* **DATA RECORDS**
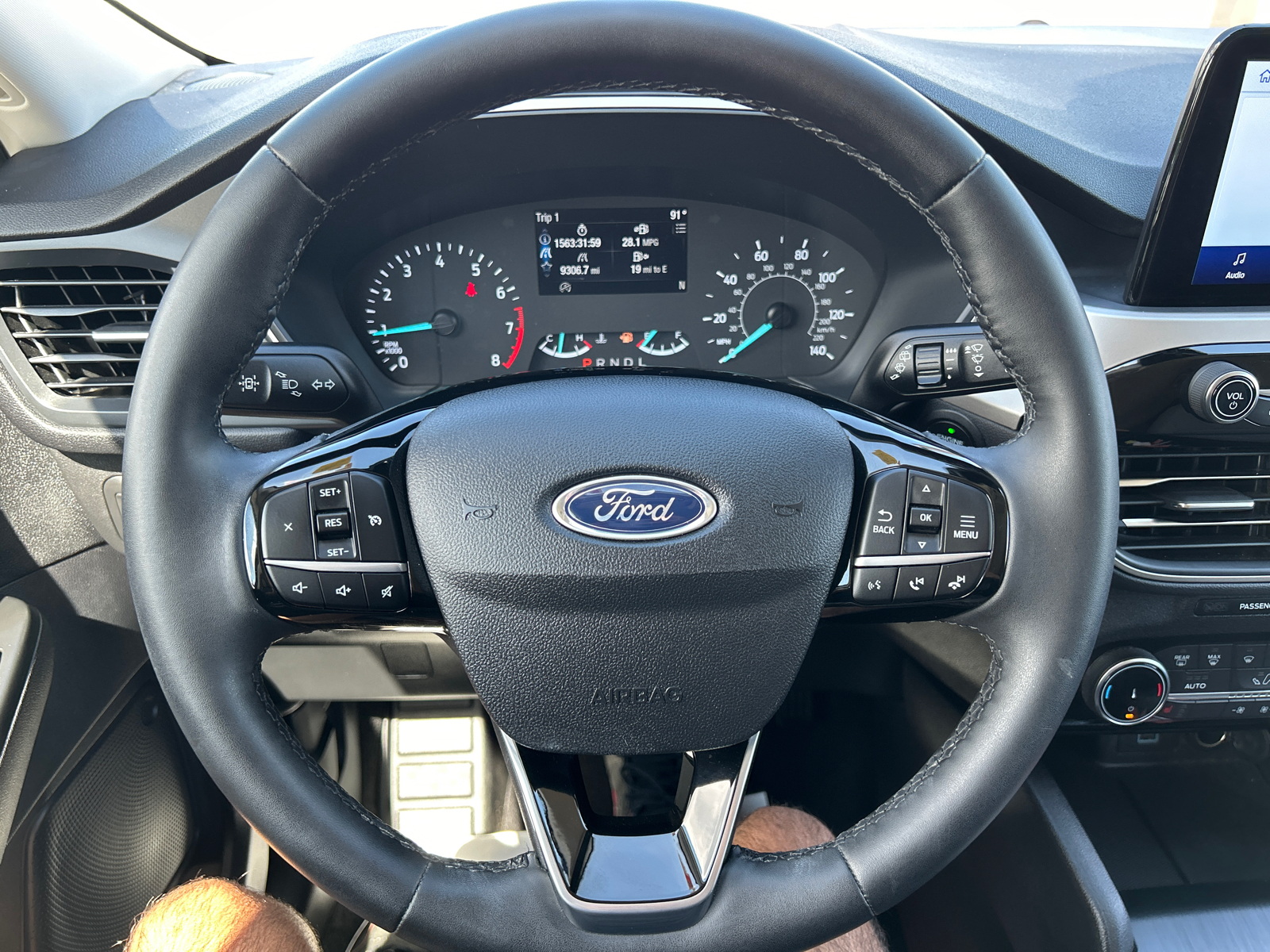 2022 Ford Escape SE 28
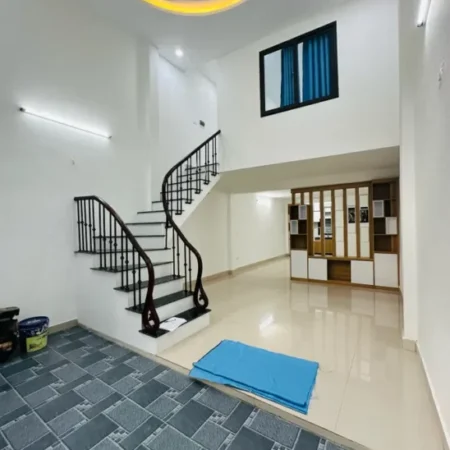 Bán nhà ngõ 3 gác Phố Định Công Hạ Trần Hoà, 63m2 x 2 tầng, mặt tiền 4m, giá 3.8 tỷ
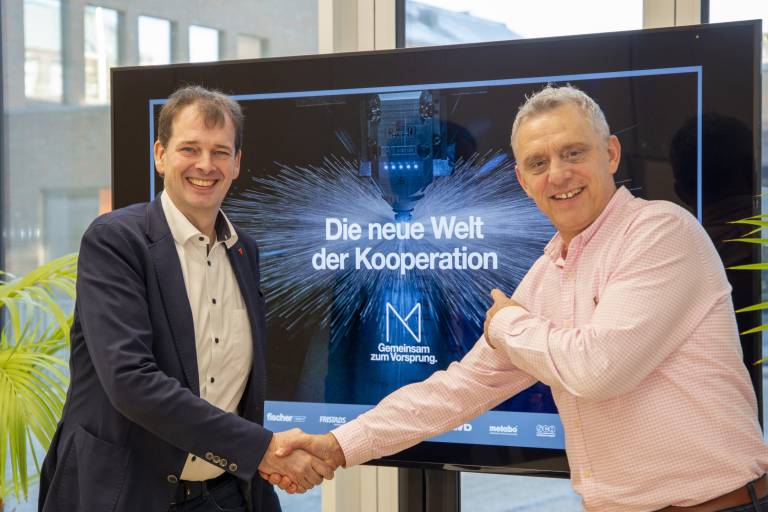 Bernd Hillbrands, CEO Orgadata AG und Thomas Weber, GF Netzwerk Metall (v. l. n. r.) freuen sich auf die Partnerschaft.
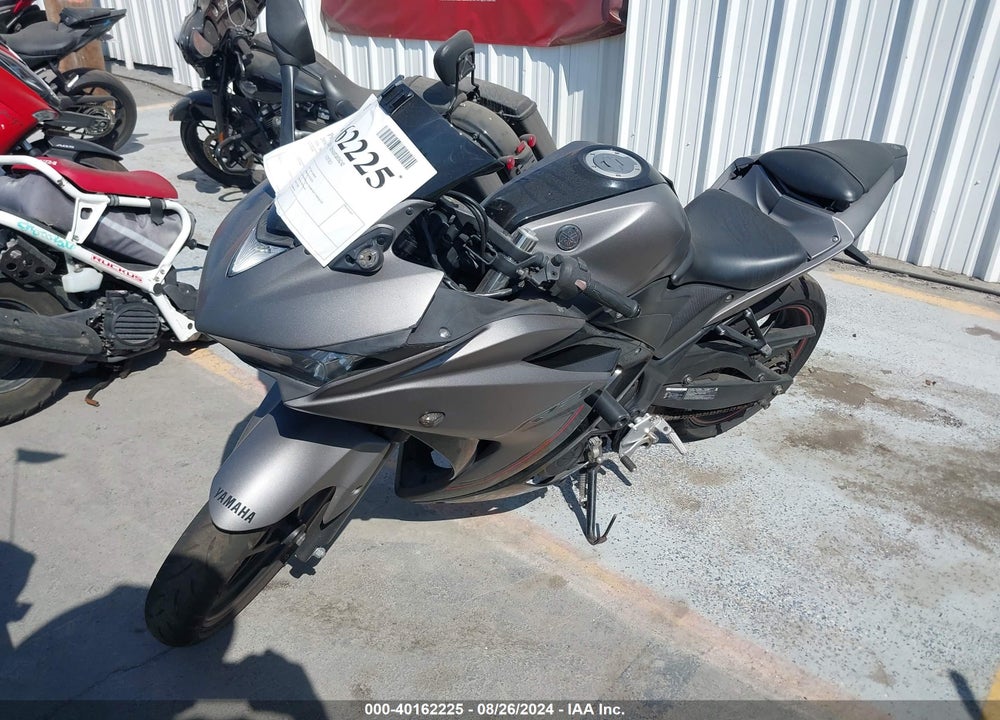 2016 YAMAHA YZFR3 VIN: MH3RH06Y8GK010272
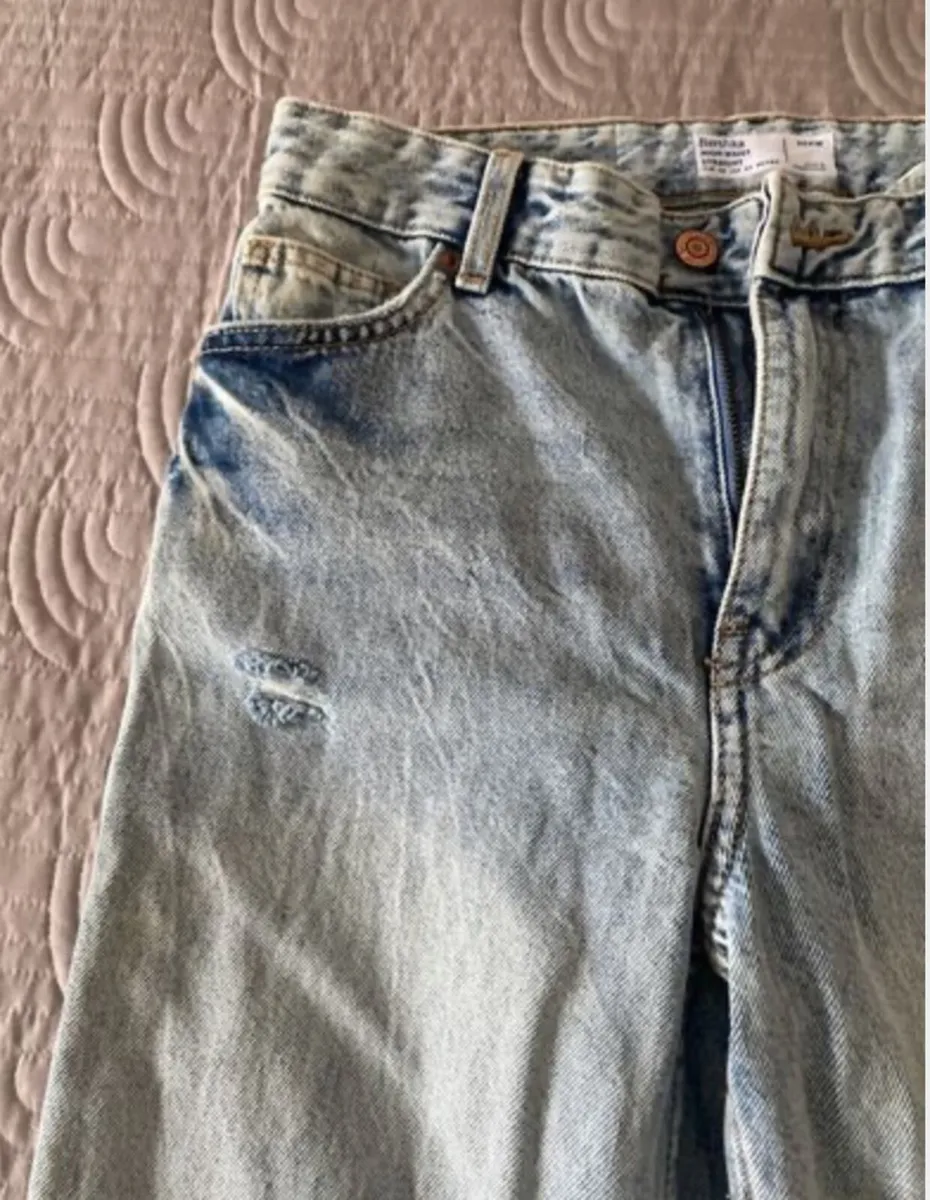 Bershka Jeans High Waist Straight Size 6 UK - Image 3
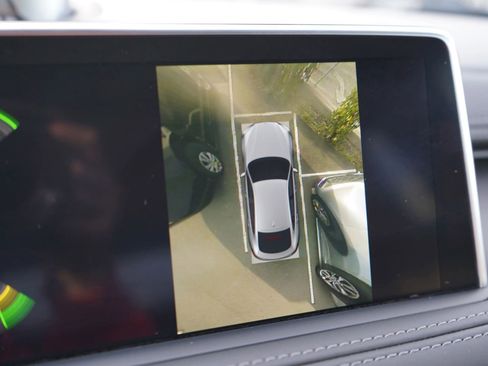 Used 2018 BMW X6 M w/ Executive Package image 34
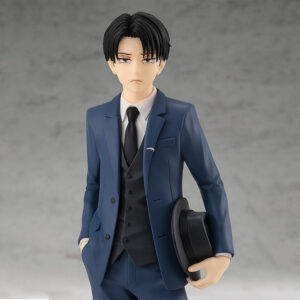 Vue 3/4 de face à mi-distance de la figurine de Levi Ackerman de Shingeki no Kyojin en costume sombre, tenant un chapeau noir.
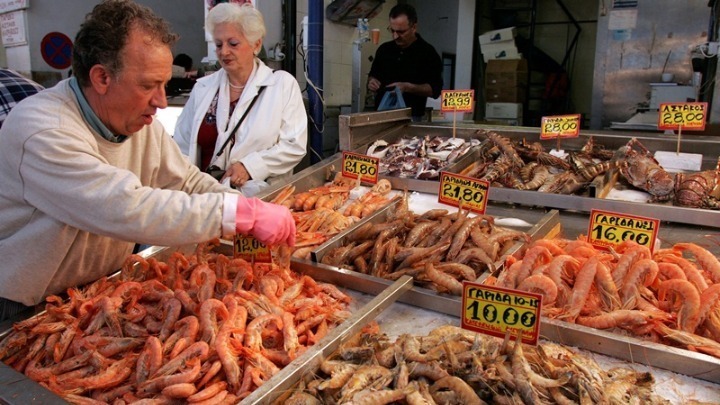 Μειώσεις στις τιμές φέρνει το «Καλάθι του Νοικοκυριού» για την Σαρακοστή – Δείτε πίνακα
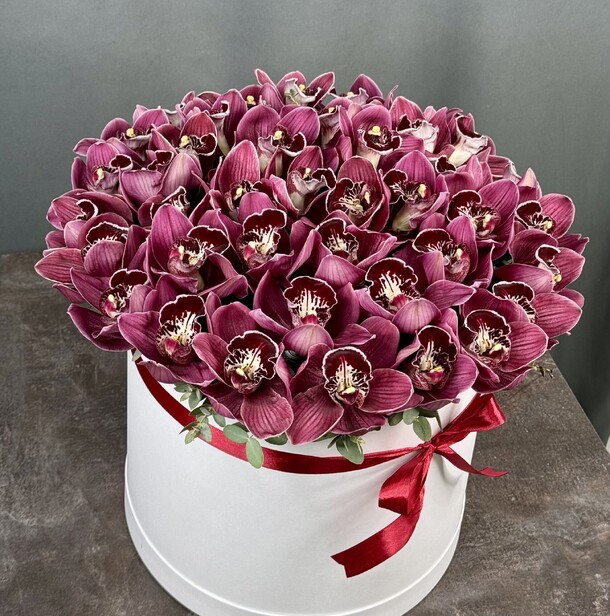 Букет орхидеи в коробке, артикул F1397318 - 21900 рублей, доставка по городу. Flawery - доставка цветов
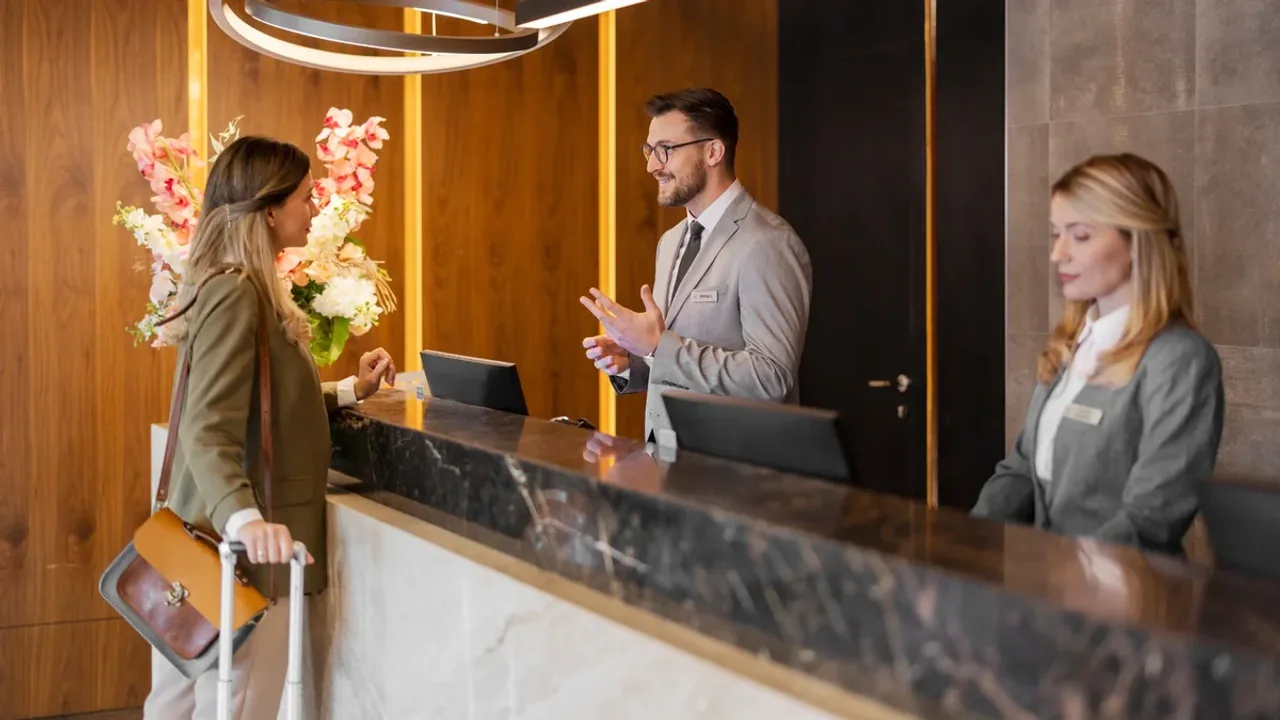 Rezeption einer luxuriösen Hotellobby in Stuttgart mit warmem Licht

* **WHAT IS REQUIRED**
Copy every record verbatim while leaving each picture out.

* **ANSWER SPACE**
 2022 Ford Escape SE 28
 Bán nhà ngõ 3 gác Phố Định Công Hạ Trần Hoà, 63m2 x 2 tầng, mặt tiền 4m, giá 3.8 tỷ
 Bernd Hillbrands, CEO Orgadata AG und Thomas Weber, GF Netzwerk Metall (v. l. n. r.) freuen sich auf die Partnerschaft.
 2016 YAMAHA YZFR3 VIN: MH3RH06Y8GK010272
 Bershka Jeans High Waist Straight Size 6 UK - Image 3
 Used 2018 BMW X6 M w/ Executive Package image 34
 Vue 3/4 de face à mi-distance de la figurine de Levi Ackerman de Shingeki no Kyojin en costume sombre, tenant un chapeau noir.
 Μειώσεις στις τιμές φέρνει το «Καλάθι του Νοικοκυριού» για την Σαρακοστή – Δείτε πίνακα
 Букет орхидеи в коробке, артикул F1397318 - 21900 рублей, доставка по городу. Flawery - доставка цветов
 Rezeption einer luxuriösen Hotellobby in Stuttgart mit warmem Licht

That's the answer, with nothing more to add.